Suddenly going deaf in one of your ears is enough to send any musician or engineer into a brief existential crisis. You can console yourself for a moment, remembering that hey, this kind of thing didn’t stop Brian Wilson or Beethoven. That is, until the far more realistic thought sets in: You’re not Beethoven.
The Leading Cause of Temporary Hearing Loss
Like many musicians, engineers and other freelancers, I’m one of the 60 million Americans who lack access to affordable health insurance. This means that when I’m stricken with some kind of unknown ailment, I tend to run to Google instead of my doctor, since I do not have a doctor.
While I’ve been able to heal myself of two slipped spinal discs and an abdominal hernia using corrective exercises and remedies found online, I still don’t recommend this method to anyone, including you. It’s likely that you’re out of your element when it comes to medicine, just like I am, and trust me, I know firsthand that self-diagnosis is no replacement for a physician’s care.

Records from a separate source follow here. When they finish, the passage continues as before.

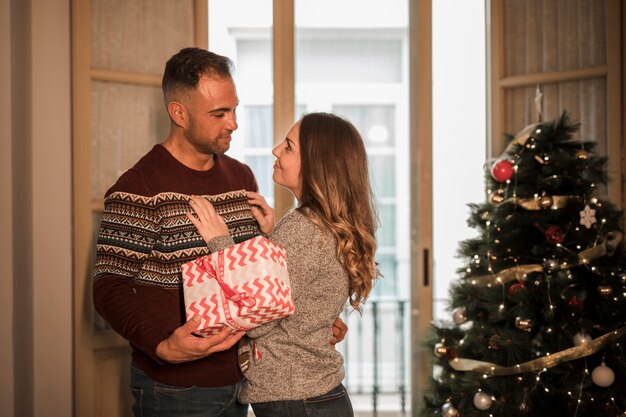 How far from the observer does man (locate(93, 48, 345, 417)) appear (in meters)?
1.69

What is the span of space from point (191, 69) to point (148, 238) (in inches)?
18.7

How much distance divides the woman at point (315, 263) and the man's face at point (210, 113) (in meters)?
0.20

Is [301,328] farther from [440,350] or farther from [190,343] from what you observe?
[440,350]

With that said, we can talk about something that’s arguably even more important than cure: prevention.
Swimmer’s Ear
As I continued my walk, I tugged downwards on my earlobe and was thankful to find that my hearing returned for a moment. As I released my ear, the canal closed up again and the hearing in my right ear was again reduced to a dull, pillowy murmur.
Because I’m a giant idiot, I decided to try something that each one of my sources would eventually confirm as being a very dumb thing to do.
Like so many similarly soft-headed morons around the country, I assumed the obstruction was due “too much wax” and grabbed the first thing I could think of to help me remove it. Even the Q-Tip package could have told me what I was about to do was wrong: “Not for use inside the ears.”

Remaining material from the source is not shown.